* Task prompt *
Reproduce the entries below exactly, but only from the line containing "Joomra Thick Sole" to the line containing "Sweat à capuche", inclusive.

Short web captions
-*-
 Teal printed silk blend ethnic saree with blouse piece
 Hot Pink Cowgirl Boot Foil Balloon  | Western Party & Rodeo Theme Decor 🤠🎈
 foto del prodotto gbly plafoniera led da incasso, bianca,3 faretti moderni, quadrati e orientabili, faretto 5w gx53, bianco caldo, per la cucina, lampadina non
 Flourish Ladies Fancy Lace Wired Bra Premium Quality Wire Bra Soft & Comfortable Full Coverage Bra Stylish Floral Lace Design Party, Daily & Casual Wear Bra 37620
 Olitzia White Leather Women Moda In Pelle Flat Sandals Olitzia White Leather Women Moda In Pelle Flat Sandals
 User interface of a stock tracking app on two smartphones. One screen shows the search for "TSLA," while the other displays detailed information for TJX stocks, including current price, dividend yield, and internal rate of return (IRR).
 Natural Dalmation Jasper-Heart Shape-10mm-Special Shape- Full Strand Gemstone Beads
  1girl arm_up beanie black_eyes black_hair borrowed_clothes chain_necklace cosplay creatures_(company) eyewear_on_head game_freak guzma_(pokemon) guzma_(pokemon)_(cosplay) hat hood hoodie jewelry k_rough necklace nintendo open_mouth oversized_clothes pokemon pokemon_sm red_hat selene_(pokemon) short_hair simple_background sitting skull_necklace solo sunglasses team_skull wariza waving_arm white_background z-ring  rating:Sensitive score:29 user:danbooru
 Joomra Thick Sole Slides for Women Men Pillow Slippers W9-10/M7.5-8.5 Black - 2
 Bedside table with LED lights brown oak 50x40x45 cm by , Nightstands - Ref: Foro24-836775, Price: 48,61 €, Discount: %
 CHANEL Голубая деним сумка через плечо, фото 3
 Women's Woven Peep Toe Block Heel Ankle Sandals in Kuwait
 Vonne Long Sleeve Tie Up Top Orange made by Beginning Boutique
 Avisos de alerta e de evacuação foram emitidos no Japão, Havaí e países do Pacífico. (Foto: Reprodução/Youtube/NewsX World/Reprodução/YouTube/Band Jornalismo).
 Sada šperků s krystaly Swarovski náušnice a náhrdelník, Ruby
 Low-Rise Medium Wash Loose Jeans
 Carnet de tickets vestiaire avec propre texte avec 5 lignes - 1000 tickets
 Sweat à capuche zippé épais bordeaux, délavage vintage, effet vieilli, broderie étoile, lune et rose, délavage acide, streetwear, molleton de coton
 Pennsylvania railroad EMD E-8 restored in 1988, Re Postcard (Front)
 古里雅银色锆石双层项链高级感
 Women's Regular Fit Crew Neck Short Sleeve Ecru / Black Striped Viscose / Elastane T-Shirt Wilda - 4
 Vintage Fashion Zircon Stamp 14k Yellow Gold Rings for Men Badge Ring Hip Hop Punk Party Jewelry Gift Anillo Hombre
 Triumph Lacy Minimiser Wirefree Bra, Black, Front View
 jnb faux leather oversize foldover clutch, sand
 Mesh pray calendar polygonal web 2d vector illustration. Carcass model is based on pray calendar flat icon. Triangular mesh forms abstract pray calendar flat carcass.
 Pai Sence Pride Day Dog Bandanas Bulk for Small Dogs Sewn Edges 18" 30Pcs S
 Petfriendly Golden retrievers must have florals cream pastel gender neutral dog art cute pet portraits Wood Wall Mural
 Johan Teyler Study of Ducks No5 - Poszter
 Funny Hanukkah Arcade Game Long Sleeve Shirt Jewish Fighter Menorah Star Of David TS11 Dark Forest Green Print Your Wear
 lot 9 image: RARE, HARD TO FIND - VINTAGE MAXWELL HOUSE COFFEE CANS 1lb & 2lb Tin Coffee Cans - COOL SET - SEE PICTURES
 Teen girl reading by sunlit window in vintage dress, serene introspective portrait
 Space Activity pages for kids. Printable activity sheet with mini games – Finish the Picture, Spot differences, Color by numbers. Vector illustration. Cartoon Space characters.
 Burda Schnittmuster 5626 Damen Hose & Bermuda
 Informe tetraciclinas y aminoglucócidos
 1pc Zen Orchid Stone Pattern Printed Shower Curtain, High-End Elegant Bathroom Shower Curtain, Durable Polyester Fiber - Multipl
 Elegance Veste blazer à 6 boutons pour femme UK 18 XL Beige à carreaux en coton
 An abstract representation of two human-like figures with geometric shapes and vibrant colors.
-*-
* Answer *
 Joomra Thick Sole Slides for Women Men Pillow Slippers W9-10/M7.5-8.5 Black - 2
 Bedside table with LED lights brown oak 50x40x45 cm by , Nightstands - Ref: Foro24-836775, Price: 48,61 €, Discount: %
 CHANEL Голубая деним сумка через плечо, фото 3
 Women's Woven Peep Toe Block Heel Ankle Sandals in Kuwait
 Vonne Long Sleeve Tie Up Top Orange made by Beginning Boutique
 Avisos de alerta e de evacuação foram emitidos no Japão, Havaí e países do Pacífico. (Foto: Reprodução/Youtube/NewsX World/Reprodução/YouTube/Band Jornalismo).
 Sada šperků s krystaly Swarovski náušnice a náhrdelník, Ruby
 Low-Rise Medium Wash Loose Jeans
 Carnet de tickets vestiaire avec propre texte avec 5 lignes - 1000 tickets
 Sweat à capuche zippé épais bordeaux, délavage vintage, effet vieilli, broderie étoile, lune et rose, délavage acide, streetwear, molleton de coton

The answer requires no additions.